• GOAL OF THE EXERCISE:
From the entries below, copy exactly the lines from the one that contains "1972 PRESSING *" through the one that contains "This beautiful Spanish guitar by Ritmo", both included, and only those.

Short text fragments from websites

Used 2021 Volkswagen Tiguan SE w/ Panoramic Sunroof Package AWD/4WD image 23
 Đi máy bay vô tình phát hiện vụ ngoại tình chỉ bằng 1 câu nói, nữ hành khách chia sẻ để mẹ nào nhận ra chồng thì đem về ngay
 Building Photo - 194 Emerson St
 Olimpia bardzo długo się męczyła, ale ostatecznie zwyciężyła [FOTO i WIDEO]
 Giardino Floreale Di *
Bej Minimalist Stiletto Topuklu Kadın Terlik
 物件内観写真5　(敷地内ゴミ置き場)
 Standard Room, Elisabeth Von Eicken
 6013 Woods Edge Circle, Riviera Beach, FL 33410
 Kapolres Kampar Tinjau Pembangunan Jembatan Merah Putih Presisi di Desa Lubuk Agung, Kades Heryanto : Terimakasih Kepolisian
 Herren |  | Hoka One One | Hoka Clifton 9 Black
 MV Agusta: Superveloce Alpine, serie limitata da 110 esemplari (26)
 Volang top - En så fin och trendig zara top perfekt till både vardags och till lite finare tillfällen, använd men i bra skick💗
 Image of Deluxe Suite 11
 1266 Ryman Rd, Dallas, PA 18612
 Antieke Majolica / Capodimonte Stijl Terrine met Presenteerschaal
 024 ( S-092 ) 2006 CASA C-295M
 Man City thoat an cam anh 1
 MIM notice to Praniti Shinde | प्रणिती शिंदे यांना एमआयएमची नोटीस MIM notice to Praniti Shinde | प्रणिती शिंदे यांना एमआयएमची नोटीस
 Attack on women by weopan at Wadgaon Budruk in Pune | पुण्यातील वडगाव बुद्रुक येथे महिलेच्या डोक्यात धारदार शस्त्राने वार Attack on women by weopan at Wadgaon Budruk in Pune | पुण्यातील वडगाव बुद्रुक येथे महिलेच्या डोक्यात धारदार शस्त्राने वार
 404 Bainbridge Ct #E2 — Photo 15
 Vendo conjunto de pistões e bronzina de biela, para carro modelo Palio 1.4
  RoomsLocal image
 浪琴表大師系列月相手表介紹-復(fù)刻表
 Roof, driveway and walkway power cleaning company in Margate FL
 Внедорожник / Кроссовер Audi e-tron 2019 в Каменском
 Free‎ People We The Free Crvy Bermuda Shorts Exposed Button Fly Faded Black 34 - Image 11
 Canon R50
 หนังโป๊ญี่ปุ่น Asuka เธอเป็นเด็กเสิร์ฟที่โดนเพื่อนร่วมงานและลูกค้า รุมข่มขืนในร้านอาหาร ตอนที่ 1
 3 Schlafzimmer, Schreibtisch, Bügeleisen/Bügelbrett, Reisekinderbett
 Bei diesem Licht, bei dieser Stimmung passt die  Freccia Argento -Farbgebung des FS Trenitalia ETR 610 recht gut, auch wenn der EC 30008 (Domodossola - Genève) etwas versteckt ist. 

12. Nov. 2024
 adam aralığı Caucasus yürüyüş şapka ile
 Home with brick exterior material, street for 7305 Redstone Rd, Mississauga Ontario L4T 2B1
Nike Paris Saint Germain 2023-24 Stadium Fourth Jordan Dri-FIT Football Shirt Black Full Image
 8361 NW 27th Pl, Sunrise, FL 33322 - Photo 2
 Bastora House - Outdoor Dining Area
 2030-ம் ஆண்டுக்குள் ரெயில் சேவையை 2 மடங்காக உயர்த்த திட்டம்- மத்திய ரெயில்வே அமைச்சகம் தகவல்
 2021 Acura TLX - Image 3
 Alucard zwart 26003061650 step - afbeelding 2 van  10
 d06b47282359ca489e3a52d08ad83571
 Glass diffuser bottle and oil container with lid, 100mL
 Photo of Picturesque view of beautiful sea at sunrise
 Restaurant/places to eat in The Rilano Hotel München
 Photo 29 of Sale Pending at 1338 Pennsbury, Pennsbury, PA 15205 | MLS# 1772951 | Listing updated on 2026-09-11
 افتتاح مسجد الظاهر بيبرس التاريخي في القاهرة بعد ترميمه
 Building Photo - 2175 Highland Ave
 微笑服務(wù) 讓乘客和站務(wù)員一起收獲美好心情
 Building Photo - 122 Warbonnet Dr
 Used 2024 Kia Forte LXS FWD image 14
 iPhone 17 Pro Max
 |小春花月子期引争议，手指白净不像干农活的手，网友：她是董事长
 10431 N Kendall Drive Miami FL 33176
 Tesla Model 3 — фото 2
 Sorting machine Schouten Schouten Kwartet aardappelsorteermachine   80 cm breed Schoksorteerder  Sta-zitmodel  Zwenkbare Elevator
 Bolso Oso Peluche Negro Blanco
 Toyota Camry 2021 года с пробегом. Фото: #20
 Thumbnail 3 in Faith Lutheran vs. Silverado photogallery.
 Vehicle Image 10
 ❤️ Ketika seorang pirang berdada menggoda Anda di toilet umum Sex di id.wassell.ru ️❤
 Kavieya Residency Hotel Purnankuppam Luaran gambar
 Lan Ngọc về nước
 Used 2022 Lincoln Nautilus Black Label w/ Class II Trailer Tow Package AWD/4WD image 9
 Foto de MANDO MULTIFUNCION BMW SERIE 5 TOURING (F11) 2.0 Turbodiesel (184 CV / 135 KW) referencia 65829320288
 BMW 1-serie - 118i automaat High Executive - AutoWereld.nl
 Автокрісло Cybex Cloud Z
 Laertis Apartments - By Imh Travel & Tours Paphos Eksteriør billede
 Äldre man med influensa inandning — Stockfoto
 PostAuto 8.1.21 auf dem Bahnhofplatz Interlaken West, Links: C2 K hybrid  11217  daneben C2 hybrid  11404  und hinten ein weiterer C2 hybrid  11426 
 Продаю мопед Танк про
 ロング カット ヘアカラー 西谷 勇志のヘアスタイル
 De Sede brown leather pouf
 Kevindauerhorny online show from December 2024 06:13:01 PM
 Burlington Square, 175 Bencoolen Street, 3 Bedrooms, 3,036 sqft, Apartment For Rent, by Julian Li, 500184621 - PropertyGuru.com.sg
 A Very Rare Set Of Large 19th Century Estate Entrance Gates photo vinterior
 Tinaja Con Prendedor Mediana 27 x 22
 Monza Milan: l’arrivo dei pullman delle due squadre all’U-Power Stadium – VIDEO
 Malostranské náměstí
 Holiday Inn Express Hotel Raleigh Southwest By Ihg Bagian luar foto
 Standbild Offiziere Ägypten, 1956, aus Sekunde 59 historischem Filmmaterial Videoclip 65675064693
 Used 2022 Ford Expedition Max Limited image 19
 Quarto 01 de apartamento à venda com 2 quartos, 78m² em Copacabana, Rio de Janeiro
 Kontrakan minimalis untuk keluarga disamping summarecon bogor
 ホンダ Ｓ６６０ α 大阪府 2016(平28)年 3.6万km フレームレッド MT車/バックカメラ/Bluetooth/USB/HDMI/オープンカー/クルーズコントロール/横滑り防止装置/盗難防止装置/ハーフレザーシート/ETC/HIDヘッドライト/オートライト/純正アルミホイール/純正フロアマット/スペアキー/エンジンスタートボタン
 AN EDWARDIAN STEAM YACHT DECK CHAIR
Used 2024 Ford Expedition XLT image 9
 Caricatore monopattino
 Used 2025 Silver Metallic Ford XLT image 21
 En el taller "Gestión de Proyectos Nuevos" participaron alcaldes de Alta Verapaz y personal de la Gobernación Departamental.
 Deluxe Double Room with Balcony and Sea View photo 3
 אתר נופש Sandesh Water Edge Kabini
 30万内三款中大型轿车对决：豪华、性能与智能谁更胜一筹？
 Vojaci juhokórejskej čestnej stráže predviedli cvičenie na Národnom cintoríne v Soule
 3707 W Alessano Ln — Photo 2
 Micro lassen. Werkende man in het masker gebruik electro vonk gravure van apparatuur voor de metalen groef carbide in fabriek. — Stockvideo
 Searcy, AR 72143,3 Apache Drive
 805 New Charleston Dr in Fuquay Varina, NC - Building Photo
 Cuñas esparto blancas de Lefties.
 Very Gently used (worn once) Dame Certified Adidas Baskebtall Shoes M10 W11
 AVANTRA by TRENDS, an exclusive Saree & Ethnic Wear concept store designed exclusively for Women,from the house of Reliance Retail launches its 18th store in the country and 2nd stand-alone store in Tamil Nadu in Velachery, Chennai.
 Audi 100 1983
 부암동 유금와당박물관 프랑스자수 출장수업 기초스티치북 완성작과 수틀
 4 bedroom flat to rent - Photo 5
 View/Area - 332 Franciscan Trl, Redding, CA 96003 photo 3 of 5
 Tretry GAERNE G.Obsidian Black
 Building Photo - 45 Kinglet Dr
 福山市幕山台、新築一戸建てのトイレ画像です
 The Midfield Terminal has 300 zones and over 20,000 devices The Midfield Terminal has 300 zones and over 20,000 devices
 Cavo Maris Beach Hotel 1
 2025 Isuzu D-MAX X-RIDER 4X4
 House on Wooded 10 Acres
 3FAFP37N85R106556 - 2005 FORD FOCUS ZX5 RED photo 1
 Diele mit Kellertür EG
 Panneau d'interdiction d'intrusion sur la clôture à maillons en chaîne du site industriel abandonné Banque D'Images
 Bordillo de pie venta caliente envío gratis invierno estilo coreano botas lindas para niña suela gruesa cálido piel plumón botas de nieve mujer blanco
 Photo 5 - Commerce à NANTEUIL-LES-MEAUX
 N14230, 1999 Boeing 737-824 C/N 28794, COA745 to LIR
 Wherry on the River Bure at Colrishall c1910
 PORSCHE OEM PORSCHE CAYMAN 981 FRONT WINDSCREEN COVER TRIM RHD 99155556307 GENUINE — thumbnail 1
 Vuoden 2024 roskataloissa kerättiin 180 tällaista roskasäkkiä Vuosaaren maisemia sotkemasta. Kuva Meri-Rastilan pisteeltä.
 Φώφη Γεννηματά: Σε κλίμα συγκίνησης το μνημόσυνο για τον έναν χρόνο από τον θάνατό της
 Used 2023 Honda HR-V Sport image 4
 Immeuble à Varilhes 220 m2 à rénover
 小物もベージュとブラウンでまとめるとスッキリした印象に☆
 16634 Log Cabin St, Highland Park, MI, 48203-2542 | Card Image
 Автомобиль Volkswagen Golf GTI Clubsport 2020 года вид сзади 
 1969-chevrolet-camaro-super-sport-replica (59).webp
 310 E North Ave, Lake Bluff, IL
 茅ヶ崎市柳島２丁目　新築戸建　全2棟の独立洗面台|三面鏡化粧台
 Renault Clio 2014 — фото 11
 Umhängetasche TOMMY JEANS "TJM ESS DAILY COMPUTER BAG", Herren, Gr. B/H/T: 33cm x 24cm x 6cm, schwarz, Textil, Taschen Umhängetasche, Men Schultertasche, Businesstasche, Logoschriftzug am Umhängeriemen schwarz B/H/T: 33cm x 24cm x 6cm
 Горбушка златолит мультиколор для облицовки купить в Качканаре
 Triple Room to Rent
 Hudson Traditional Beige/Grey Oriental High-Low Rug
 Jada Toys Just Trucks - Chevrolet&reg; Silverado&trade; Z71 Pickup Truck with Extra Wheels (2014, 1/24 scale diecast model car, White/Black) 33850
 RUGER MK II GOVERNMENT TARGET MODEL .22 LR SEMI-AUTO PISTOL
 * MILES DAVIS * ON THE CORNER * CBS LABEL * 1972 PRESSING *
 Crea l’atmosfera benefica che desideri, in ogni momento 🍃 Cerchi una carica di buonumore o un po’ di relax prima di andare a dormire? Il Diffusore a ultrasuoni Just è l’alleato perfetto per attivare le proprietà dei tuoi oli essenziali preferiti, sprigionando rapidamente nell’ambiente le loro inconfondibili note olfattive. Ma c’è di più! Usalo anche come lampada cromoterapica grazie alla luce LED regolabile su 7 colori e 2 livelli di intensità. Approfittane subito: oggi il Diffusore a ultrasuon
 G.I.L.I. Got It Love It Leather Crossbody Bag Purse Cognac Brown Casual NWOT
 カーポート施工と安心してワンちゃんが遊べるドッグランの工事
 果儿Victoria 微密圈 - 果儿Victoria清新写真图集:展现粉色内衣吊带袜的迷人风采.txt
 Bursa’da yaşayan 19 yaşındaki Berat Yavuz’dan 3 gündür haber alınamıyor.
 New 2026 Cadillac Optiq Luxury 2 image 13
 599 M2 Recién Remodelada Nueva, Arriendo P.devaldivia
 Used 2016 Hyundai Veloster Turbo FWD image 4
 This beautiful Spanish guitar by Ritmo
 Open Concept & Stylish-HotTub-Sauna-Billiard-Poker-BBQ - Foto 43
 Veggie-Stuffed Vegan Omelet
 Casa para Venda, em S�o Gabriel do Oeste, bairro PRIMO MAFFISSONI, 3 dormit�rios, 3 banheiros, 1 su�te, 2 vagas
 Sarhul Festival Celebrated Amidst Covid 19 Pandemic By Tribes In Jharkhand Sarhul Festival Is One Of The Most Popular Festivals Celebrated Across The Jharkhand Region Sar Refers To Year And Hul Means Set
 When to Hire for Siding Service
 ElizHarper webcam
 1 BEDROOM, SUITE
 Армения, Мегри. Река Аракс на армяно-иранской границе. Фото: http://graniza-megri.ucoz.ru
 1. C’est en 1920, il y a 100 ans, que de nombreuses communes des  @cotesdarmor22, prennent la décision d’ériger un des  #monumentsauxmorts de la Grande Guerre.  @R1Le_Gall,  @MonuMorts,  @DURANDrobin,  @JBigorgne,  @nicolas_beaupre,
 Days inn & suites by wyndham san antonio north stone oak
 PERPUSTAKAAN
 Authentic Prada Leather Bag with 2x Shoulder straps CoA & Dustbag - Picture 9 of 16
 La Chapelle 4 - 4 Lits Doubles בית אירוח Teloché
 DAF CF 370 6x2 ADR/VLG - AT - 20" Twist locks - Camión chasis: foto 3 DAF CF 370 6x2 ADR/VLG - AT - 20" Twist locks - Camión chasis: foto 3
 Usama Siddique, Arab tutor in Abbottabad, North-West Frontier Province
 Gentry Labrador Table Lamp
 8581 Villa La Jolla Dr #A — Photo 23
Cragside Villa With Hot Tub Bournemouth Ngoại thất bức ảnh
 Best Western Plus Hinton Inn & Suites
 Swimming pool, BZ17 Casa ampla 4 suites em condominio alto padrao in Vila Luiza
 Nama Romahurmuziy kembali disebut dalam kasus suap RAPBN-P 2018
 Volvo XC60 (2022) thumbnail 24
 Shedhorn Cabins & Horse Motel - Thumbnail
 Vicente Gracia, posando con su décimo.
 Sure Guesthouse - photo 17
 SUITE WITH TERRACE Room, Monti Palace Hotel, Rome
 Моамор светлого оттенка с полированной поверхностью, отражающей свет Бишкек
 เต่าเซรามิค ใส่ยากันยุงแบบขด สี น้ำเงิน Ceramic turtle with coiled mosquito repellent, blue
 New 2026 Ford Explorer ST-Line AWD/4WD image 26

• EXERCISE SOLUTION:
 * MILES DAVIS * ON THE CORNER * CBS LABEL * 1972 PRESSING *
 Crea l’atmosfera benefica che desideri, in ogni momento 🍃 Cerchi una carica di buonumore o un po’ di relax prima di andare a dormire? Il Diffusore a ultrasuoni Just è l’alleato perfetto per attivare le proprietà dei tuoi oli essenziali preferiti, sprigionando rapidamente nell’ambiente le loro inconfondibili note olfattive. Ma c’è di più! Usalo anche come lampada cromoterapica grazie alla luce LED regolabile su 7 colori e 2 livelli di intensità. Approfittane subito: oggi il Diffusore a ultrasuon
 G.I.L.I. Got It Love It Leather Crossbody Bag Purse Cognac Brown Casual NWOT
 カーポート施工と安心してワンちゃんが遊べるドッグランの工事
 果儿Victoria 微密圈 - 果儿Victoria清新写真图集:展现粉色内衣吊带袜的迷人风采.txt
 Bursa’da yaşayan 19 yaşındaki Berat Yavuz’dan 3 gündür haber alınamıyor.
 New 2026 Cadillac Optiq Luxury 2 image 13
 599 M2 Recién Remodelada Nueva, Arriendo P.devaldivia
 Used 2016 Hyundai Veloster Turbo FWD image 4
 This beautiful Spanish guitar by Ritmo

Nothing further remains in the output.